Excluding pictures, what does the listing below contain from the line with "So which of" up to and including the line with "Jumping to the", word for word?

══ DATA LISTING

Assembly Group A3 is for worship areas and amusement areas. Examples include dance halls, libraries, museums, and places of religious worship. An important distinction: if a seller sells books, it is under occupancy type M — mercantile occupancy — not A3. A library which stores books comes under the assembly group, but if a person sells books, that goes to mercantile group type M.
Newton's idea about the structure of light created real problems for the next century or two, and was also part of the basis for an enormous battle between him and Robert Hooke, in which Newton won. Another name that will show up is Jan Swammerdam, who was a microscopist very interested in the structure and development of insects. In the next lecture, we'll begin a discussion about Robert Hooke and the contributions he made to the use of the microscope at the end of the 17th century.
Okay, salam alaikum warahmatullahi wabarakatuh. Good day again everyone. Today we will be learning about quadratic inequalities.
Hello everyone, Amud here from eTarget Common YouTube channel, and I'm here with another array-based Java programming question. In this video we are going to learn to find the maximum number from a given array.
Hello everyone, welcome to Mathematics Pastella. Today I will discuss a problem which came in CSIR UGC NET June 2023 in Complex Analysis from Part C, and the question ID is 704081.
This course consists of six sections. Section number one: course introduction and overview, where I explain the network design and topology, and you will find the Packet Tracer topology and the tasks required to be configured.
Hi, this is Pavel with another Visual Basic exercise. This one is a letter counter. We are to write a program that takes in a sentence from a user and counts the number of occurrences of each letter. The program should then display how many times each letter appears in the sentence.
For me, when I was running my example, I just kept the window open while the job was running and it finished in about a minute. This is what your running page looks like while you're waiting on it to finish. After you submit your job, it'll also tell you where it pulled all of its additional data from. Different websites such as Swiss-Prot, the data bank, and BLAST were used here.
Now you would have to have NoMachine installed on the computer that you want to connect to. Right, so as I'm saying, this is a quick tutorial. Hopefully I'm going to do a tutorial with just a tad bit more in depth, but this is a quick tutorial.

════
══ DATA LISTING

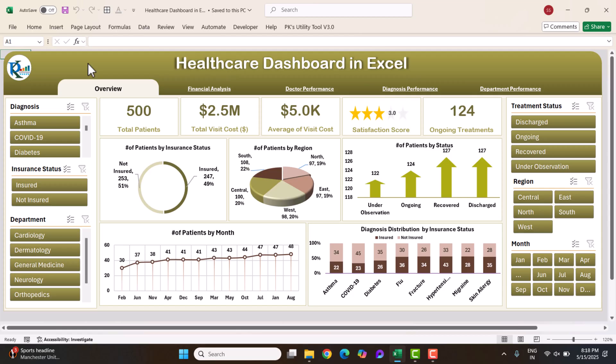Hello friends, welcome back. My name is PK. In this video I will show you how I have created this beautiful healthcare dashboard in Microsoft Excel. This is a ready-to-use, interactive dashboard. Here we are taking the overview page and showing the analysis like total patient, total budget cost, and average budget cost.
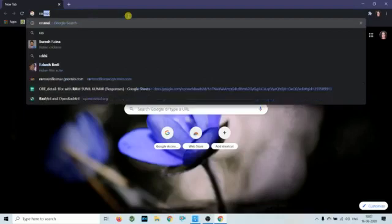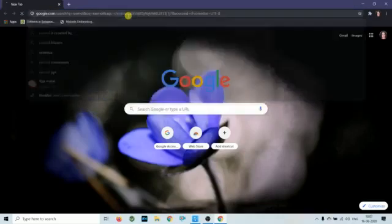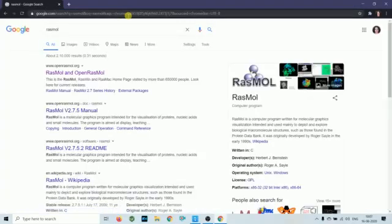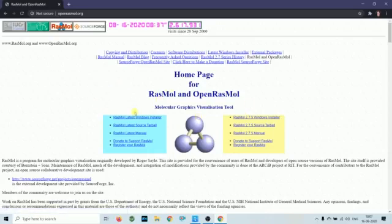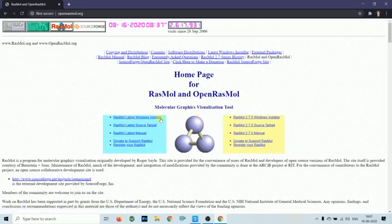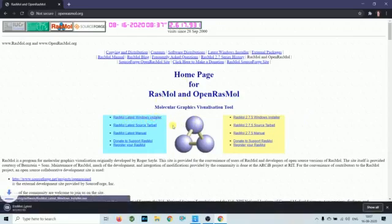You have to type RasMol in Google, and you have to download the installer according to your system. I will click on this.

════
══ DATA LISTING

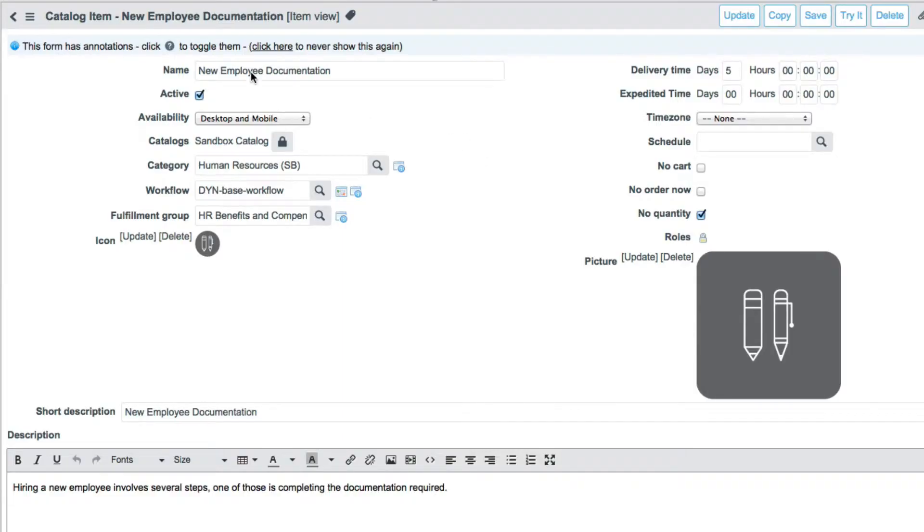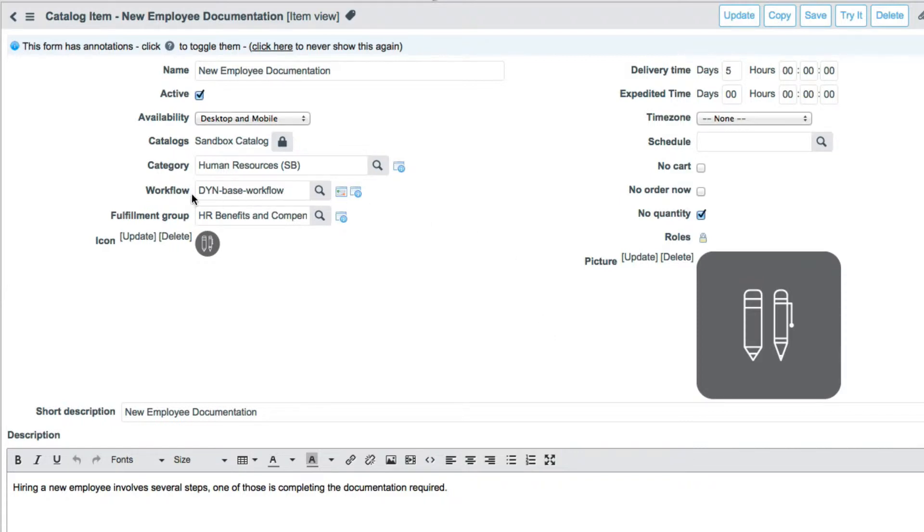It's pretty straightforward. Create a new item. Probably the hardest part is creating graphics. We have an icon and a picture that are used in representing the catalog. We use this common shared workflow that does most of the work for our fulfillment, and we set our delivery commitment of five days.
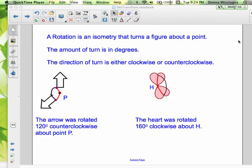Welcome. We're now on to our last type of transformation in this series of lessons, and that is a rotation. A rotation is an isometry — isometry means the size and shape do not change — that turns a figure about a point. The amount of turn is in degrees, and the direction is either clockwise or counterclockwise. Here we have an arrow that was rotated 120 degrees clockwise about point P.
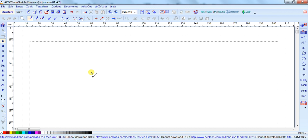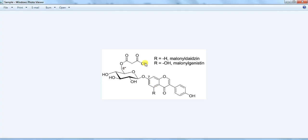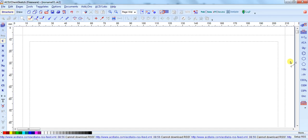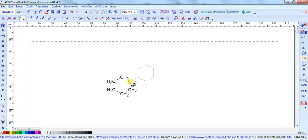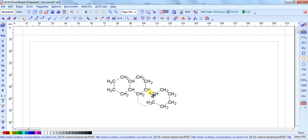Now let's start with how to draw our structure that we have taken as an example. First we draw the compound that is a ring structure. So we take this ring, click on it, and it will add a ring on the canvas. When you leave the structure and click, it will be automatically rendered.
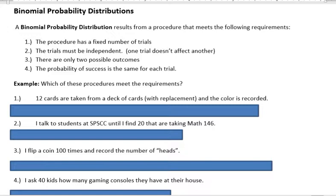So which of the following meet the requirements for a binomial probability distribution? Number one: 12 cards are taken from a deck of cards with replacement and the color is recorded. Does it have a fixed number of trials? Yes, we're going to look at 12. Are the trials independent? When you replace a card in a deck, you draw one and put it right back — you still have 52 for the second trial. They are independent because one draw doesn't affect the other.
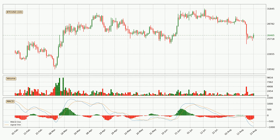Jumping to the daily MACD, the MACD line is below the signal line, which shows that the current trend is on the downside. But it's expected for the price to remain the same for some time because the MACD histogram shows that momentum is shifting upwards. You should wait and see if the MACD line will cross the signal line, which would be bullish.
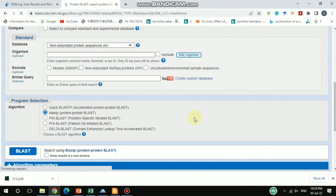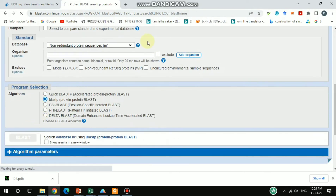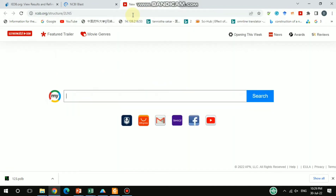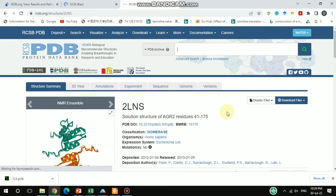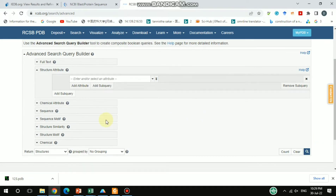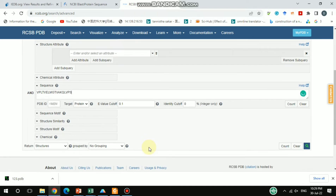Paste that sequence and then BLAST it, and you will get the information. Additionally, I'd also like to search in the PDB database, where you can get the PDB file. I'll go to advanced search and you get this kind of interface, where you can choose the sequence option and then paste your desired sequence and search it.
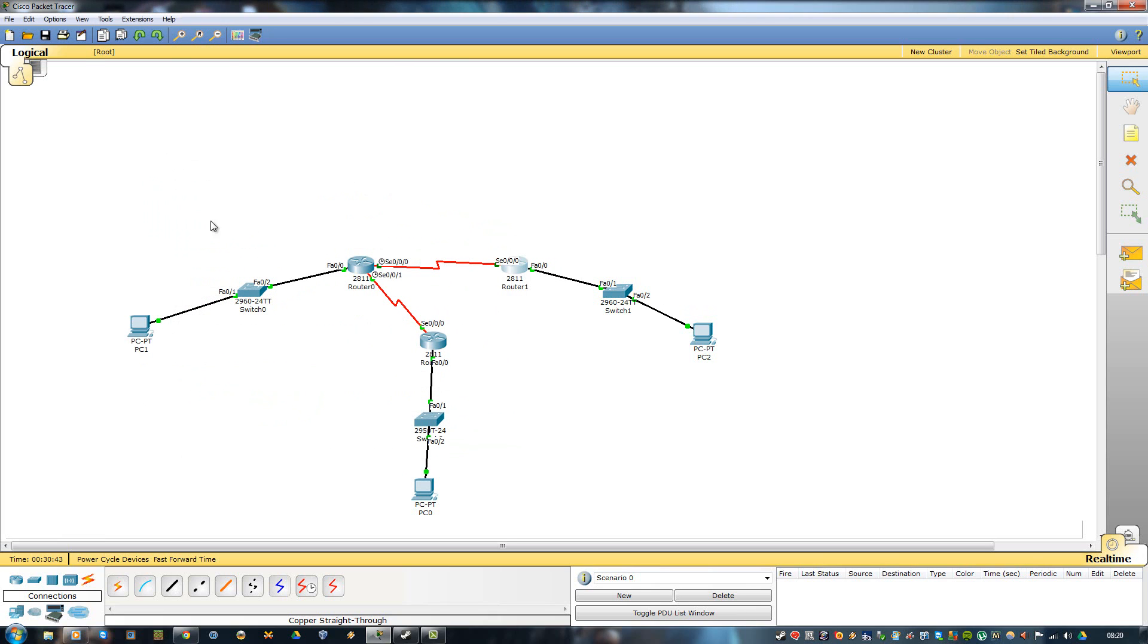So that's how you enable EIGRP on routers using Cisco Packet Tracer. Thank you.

════

EXPECTED OUTPUT:
So which of the following meet the requirements for a binomial probability distribution? Number one: 12 cards are taken from a deck of cards with replacement and the color is recorded. Does it have a fixed number of trials? Yes, we're going to look at 12. Are the trials independent? When you replace a card in a deck, you draw one and put it right back — you still have 52 for the second trial. They are independent because one draw doesn't affect the other.
Jumping to the daily MACD, the MACD line is below the signal line, which shows that the current trend is on the downside. But it's expected for the price to remain the same for some time because the MACD histogram shows that momentum is shifting upwards. You should wait and see if the MACD line will cross the signal line, which would be bullish.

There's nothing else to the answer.